Sounds good...I was looking at getting the Atom too down the line...have you used the Atom with say Damage or HZ percussion?


----------



## Macrawn (Aug 5, 2020)

easyrider said:


> Sounds good...I was looking at getting the Atom too down the line...have you used the Atom with say Damage or HZ percussion?
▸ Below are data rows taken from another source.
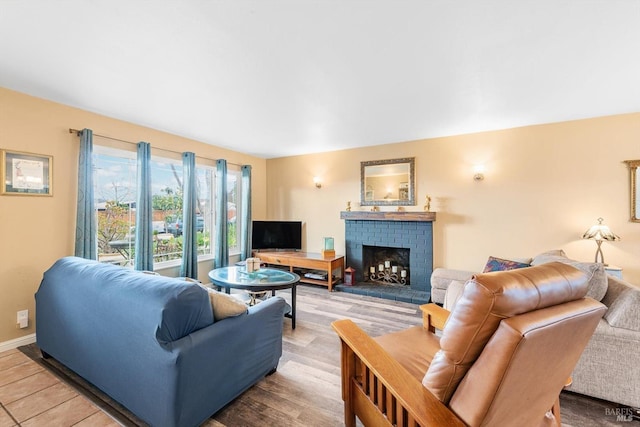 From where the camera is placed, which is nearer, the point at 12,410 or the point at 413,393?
the point at 413,393

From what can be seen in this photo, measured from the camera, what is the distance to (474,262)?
12.4 feet

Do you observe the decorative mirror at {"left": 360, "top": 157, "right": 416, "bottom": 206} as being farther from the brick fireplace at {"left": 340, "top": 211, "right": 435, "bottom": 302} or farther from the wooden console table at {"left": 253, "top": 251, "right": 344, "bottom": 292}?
the wooden console table at {"left": 253, "top": 251, "right": 344, "bottom": 292}

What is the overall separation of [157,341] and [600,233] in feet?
14.2

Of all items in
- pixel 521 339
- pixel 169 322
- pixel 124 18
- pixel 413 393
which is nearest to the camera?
pixel 521 339

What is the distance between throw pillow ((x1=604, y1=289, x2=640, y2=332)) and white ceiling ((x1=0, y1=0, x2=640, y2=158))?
1701 millimetres

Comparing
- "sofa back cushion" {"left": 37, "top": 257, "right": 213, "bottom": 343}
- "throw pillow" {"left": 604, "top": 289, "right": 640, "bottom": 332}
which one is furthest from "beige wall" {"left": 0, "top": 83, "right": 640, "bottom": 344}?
"throw pillow" {"left": 604, "top": 289, "right": 640, "bottom": 332}

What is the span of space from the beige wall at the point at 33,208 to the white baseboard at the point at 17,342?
37 mm

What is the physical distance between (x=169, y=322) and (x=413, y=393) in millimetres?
1210

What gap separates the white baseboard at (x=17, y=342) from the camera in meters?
2.40

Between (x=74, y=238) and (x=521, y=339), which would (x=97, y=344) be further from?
(x=521, y=339)

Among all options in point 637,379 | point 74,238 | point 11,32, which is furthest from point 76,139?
point 637,379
I'm not a great finger drummer so I really can't say how good it is for drumming. It seems good to me, but I'd research it out. It is pretty cheap though especially compared to the faderport. I do use it for drums but I probably use it more as a controller. I use it to select instruments and the knobs for scrolling up and down and for when the faderport is in midimode since I don't have the single fader faderport like you do. The knobs can be set up easily to do controls on say a synth or something and are premapped on presounus stuff for the most part. They just came out with a new controller called Atom SQ or something like that, that I'd seriously consider if I didn't already have an atom. It's set up to better interact with the sequencer/ pattern stuff in studio one, and can also serve as a secondary (or portable) keyboard. I think edm people might even use it as a primary keyboard.


----------



## PaulieDC (Aug 5, 2020)

I'll change MIDI keyboards like socks but the two hardware items that are bolted to my desk are the RME Babyface Pro and the FaderPort 8, especially when PreSonus updated the firmware for MIDI CC control. The faders are so smooth and the dedicated buttons to clear all mutes and solos is more helpful that you would think. I wish the MIDI CC assignments to the faders were adjustable but given that this was a free firmware update, I can live with MIDI Learn. At least the PreSonus Dev team thought to put 1, 11 and 7 next to each other.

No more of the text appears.